§ **Exercise objective**
Only the lines from the top of the material through the line containing "Muslim woman managing" should be restated, each one exactly.

§ **Recorded information**

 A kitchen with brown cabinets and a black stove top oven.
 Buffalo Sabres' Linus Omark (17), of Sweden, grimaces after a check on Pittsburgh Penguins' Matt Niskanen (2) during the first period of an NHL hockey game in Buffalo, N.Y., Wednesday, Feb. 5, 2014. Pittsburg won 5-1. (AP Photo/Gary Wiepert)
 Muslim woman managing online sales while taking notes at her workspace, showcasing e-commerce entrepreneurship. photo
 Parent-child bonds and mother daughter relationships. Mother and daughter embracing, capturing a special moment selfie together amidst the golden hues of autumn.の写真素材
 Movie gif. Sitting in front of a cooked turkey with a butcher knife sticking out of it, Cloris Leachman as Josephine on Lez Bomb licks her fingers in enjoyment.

§ **Worked solution**
 A kitchen with brown cabinets and a black stove top oven.
 Buffalo Sabres' Linus Omark (17), of Sweden, grimaces after a check on Pittsburgh Penguins' Matt Niskanen (2) during the first period of an NHL hockey game in Buffalo, N.Y., Wednesday, Feb. 5, 2014. Pittsburg won 5-1. (AP Photo/Gary Wiepert)
 Muslim woman managing online sales while taking notes at her workspace, showcasing e-commerce entrepreneurship. photo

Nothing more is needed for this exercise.